Liberty University president Jerry Falwell, Jr. has a habit of spiking stories in the school’s student newspaper if he doesn’t like what it says. It’s the kind of oversight and control of the media Donald Trump could only dream of.
Earlier this year, Falwell told a student not to cover a local rally (which some Liberty students were attending) because it focused on progressive Christians who followed the words of Jesus. (Not real Christianity like they practice at the school…) Falwell’s excuse for killing the coverage? “That’s all these folks are here for — publicity. Best to ignore them.”
In 2016, when a student wrote a piece before the elections denouncing Trump, Falwell killed that, too. This is the same Falwell who, in 2009, shut down a club for campus Democrats (even though they were anti-abortion and anti-LGBTQ rights) because it involved supporting candidates whose platforms were “contrary to the mission of LU and to Christian doctrine.”
So opinions are okay, unless Falwell disagrees with it, and reporting is okay, unless Falwell doesn’t want to cover something, and your existence on the campus is allowed, unless it runs afoul of Falwell’s personal political views. That’s not journalism. That’s just PR for the school’s brand of ultra-conservative Christianity. Above all, it’s not truthful. This is “fake news” in practice since objectivity is out the window in favor of publishing only the things Dear Leader approves.
That may be okay for Falwell, but those students are working for the newspaper because they genuinely care about journalism.
Well. WORLD, a Christian publication, did something Liberty students aren’t allowed to do: They wrote a fair article about the newspaper at Liberty that shines a disturbing light on the pseudo-journalism students are forced to practice.
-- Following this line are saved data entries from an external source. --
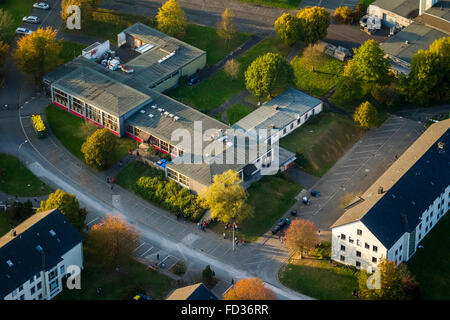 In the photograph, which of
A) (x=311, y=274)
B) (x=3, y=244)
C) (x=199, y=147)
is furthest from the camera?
(x=199, y=147)

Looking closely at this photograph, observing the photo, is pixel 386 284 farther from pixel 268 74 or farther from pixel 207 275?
pixel 268 74

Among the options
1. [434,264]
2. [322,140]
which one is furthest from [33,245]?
[434,264]

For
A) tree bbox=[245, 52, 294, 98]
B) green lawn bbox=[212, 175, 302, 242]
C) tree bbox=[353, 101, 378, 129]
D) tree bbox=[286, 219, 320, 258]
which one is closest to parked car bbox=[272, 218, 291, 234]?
green lawn bbox=[212, 175, 302, 242]

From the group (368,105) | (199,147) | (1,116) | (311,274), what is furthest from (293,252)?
(1,116)

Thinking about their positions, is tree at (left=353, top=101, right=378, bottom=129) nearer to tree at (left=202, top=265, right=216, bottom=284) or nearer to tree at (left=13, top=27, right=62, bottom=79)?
tree at (left=202, top=265, right=216, bottom=284)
The best part? Junior Jack Panyard, at one time the next Editor-in-Chief of the paper before he was unceremoniously fired, decided to record his conversations with Bruce Kirk, the dean of the School of Communication and Digital Content.
Oh, this gets good…
Later, Kirk spoke of the story about [the progressive group] Red Letter Christians: “I think everybody here is intelligent enough to understand that that story has got some real negative overtones, undertones, potentials. … You have to consider that as a starting point and say, ‘OK, what’s the benefit for this? What’s going to happen that is positive for Liberty?’”
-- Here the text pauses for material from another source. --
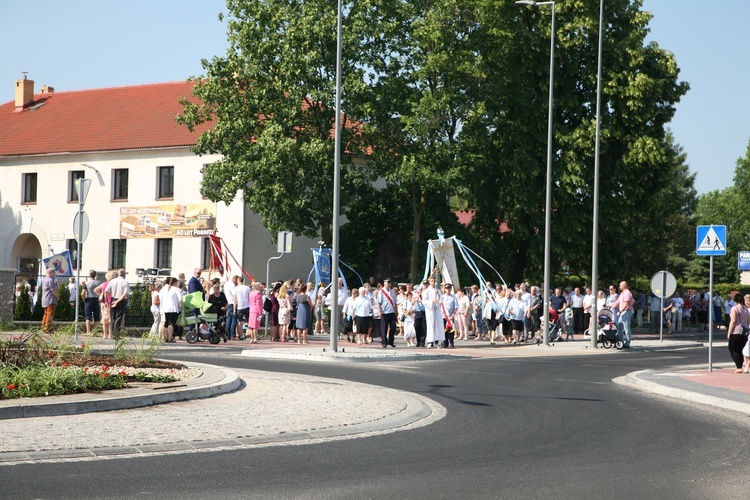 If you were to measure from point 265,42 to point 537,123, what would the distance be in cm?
1191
Kirk told the new staffers, “Your job is to keep the LU reputation and the image as it is. … Don’t destroy the image of LU. Pretty simple. OK? Well you might say, ‘Well, that’s not my job, my job is to do journalism. My job is to be First Amendment. My job is to go out and dig and investigate, and I should do anything I want to do because I’m a journalist.’ So let’s get that notion out of your head. OK?”
That’s how they do journalism there: It all circles back to whether it makes Liberty look good, not whether its based on truth, albeit from a Christian perspective.
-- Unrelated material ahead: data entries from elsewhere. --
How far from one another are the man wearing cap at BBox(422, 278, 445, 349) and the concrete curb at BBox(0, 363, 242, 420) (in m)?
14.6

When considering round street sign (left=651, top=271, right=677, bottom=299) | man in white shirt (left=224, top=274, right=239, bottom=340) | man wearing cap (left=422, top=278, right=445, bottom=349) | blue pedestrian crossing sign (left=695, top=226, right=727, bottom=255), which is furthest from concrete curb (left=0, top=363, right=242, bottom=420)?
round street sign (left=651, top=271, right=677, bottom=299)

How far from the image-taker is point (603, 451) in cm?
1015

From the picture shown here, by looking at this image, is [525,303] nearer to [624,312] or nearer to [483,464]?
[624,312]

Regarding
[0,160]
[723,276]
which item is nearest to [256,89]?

A lot of Liberty’s biggest critics have always said the school shouldn’t be taken seriously because critical thinking isn’t valued there. They promote Creationism. They promote a David Barton version of history that’s loose on facts and heavy on Christian revisionism. They don’t want students to doubt anything — not faith, not their must-be-hetero sexual orientation, not the Trump-inspired GOP platform, etc. And now we know the critics were right. Even the students whose job is supposed to be locating the truth and informing the masses are punished when their journalism conflicts with whatever myth Falwell wants to perpetuate.
We knew Liberty was a joke — and this only contributes to that theory — but you have to feel bad for some of these students who went to Liberty hoping to become serious journalists. (Some of them, I assume, went because they’re devout Christians and felt Liberty would be a good fit for them. Others may have gone only because they were pressured into it by their parents and had no other choice.) Based on their reporting, though, they were pretty damn good at it.
Unfortunately, they’re being stifled by the very people who are supposed to help them grow.
Journalism is all about asking questions, doing research, and following the reporting wherever it leads. But Falwell’s form of Christianity is about having answers from the beginning and never straying from the predetermined narrative. It’s a conflict that normal schools don’t have because journalistic ethics win out. Not at Liberty, though, where everything is always an advertisement for the school, including the now-discredited “news”paper.